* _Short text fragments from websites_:

──────────────────────────────

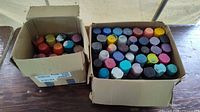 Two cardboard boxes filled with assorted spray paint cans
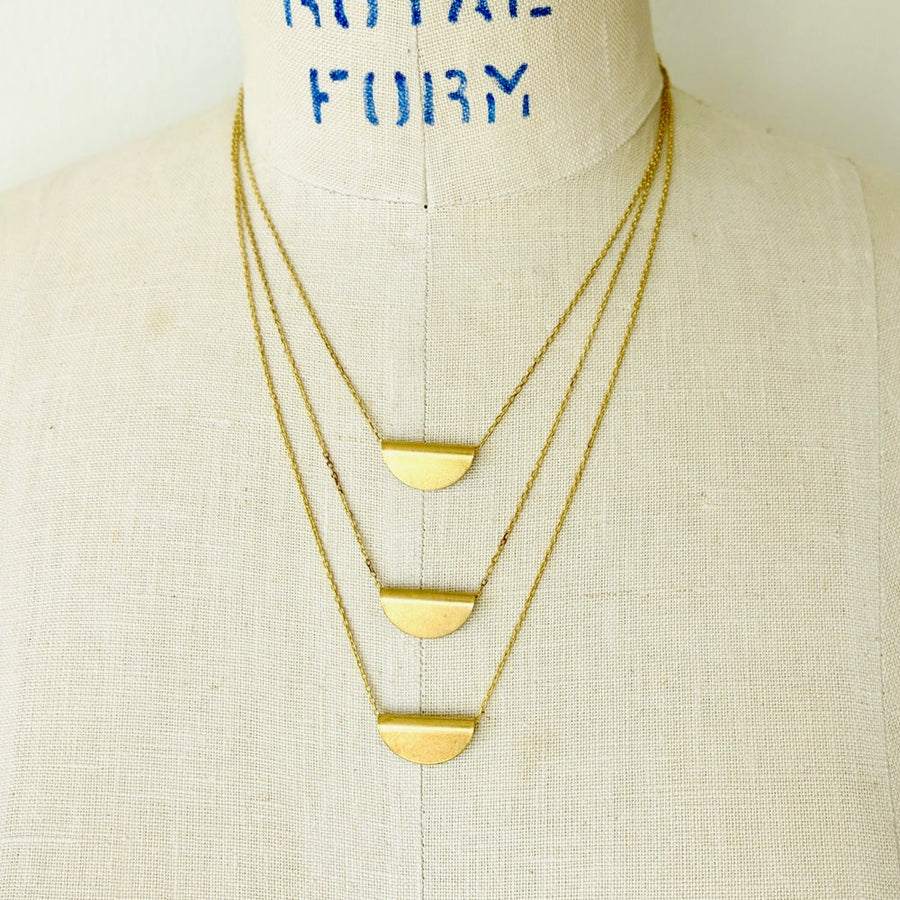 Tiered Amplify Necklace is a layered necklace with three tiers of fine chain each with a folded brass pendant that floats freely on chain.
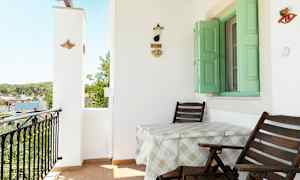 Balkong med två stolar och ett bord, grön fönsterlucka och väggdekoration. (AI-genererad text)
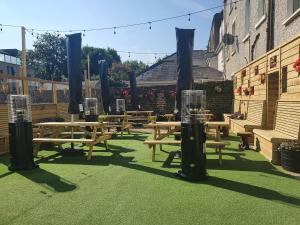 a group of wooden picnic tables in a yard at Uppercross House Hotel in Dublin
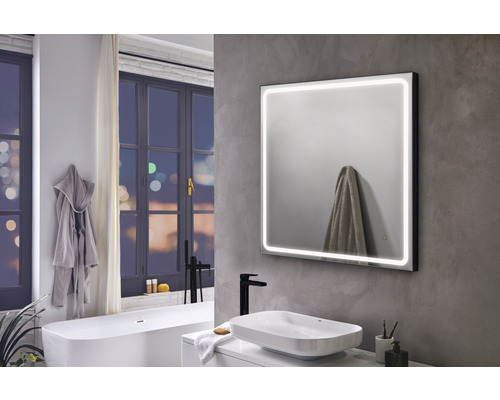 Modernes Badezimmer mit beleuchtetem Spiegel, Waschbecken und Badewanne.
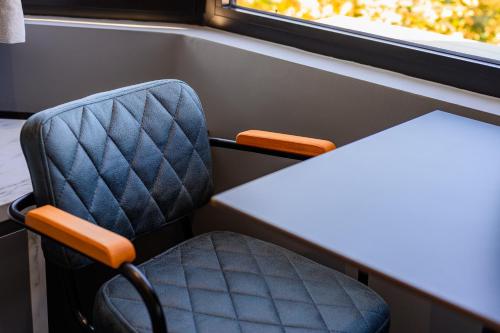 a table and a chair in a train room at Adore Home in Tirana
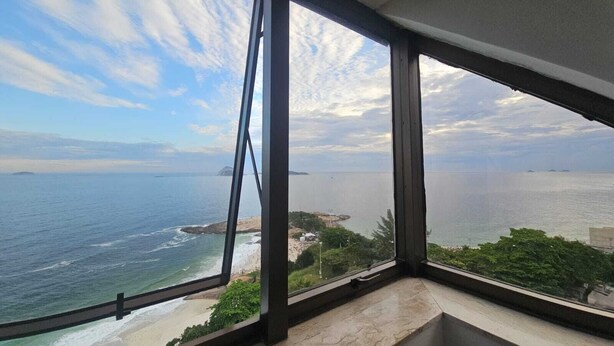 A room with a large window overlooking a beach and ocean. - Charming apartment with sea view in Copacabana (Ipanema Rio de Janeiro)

──────────────────────────────

Repeat exactly the lines from the first line of the records above through the line containing "a table and", leaving out the pictures.

 Two cardboard boxes filled with assorted spray paint cans
 Tiered Amplify Necklace is a layered necklace with three tiers of fine chain each with a folded brass pendant that floats freely on chain.
 Balkong med två stolar och ett bord, grön fönsterlucka och väggdekoration. (AI-genererad text)
 a group of wooden picnic tables in a yard at Uppercross House Hotel in Dublin
 Modernes Badezimmer mit beleuchtetem Spiegel, Waschbecken und Badewanne.
 a table and a chair in a train room at Adore Home in Tirana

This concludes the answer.